Task details: Starting with the line that has "employee's supervisor." in the records below and ending with the line that has "Houston Astros vs.", output those lines exactly and nothing more; omit the pictures.

Supplied entries:

Segment Open

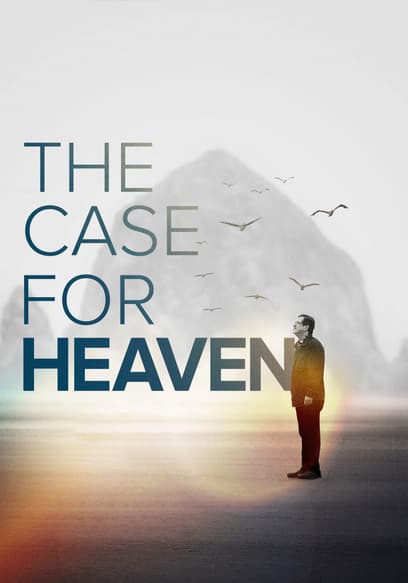 The Case for Heaven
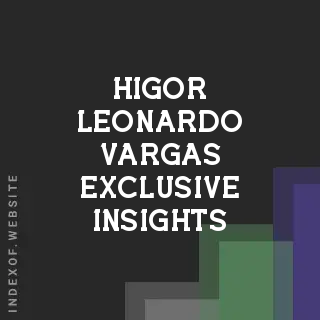 Higor Leonardo Vargas Exclusive Insights | Indexof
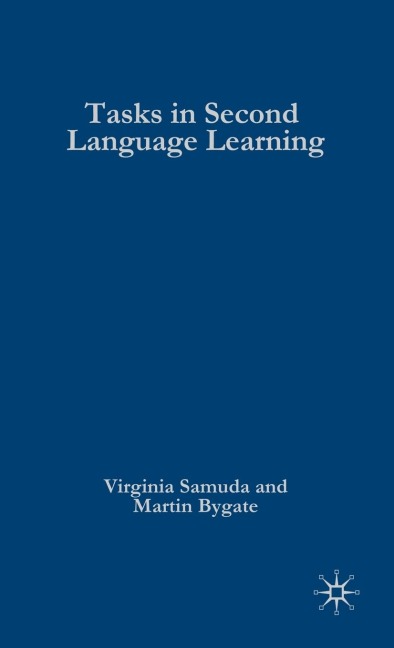Tasks in Second Language Learning - Virginia Samuda, Martin Bygate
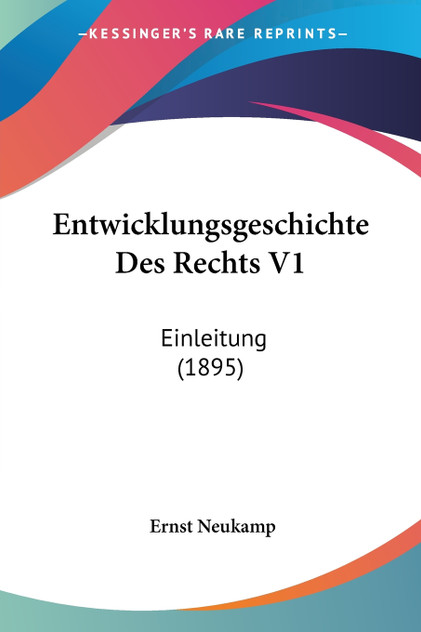 Entwicklungsgeschichte Des Rechts V1 Entwicklungsgeschichte Des Rechts V1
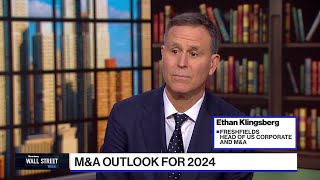 Freshfields Ethan Klingsberg's M&A Outlook for 2024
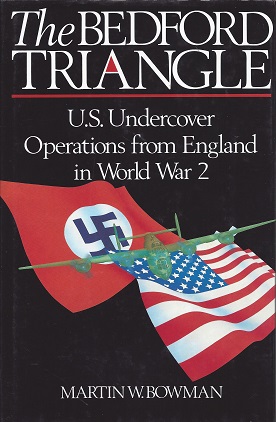 The Bedford Triangle: U. S. Undercover Operations from England in World War 2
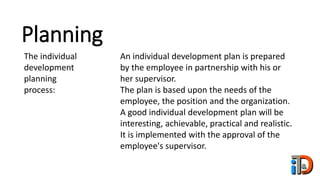 Planning
The individual
development
planning
process:
An individual development plan is prepared
by the employee in partnership with his or
her supervisor.
The plan is based upon the needs of the
employee, the position and the organization.
A good individual development plan will be
interesting, achievable, practical and realistic.
It is implemented with the approval of the
employee's supervisor.
 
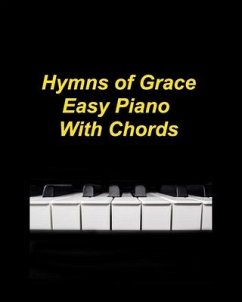 Easy Hymns Of Grace Easy Piano With Chords - Taylor, Mary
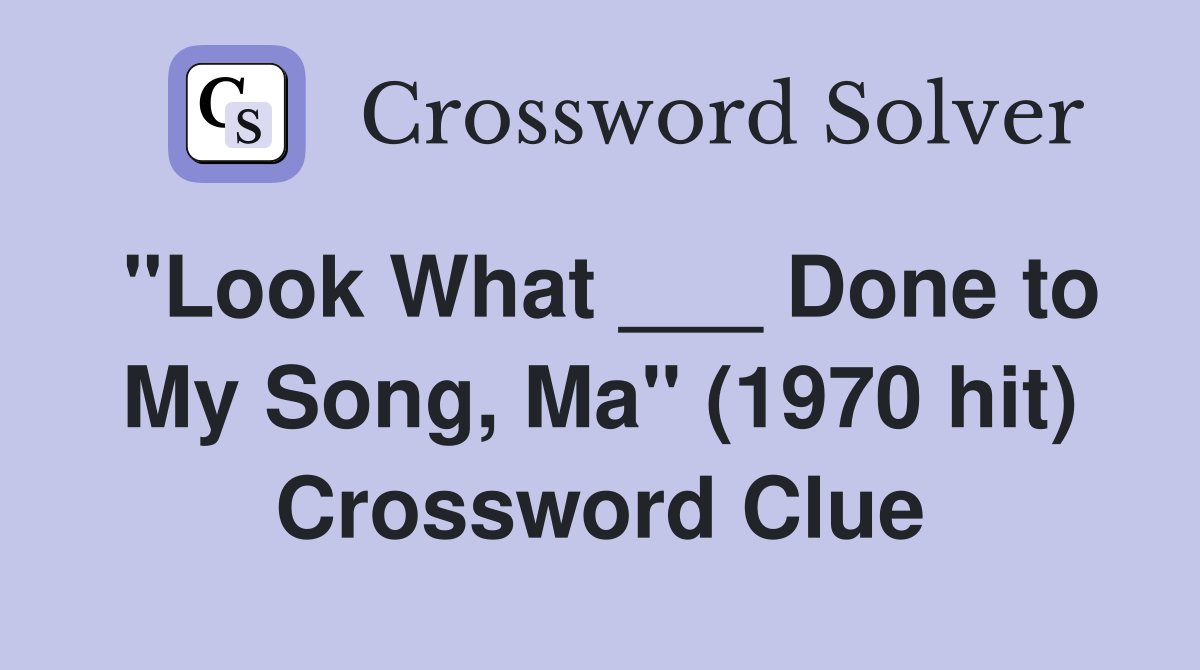 "Look What ___ Done to My Song, Ma" (1970 hit) Crossword Clue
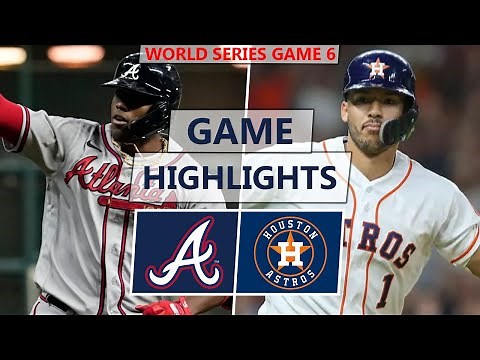 Houston Astros vs. Atlanta Braves Highlights | World Series Game 6 (2021)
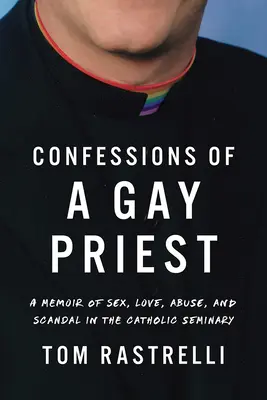 Confesiunile unui preot homosexual: A Memoir of Sex, Love, Abuse, and Scandal in the Catholic Seminary - Confessions of a Gay Priest: A Memoir of Sex, Love, Abuse, and Scandal in the Catholic Seminary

Segment Closed

Solution for this problem:
employee's supervisor.
 
 Easy Hymns Of Grace Easy Piano With Chords - Taylor, Mary
 "Look What ___ Done to My Song, Ma" (1970 hit) Crossword Clue
 Houston Astros vs. Atlanta Braves Highlights | World Series Game 6 (2021)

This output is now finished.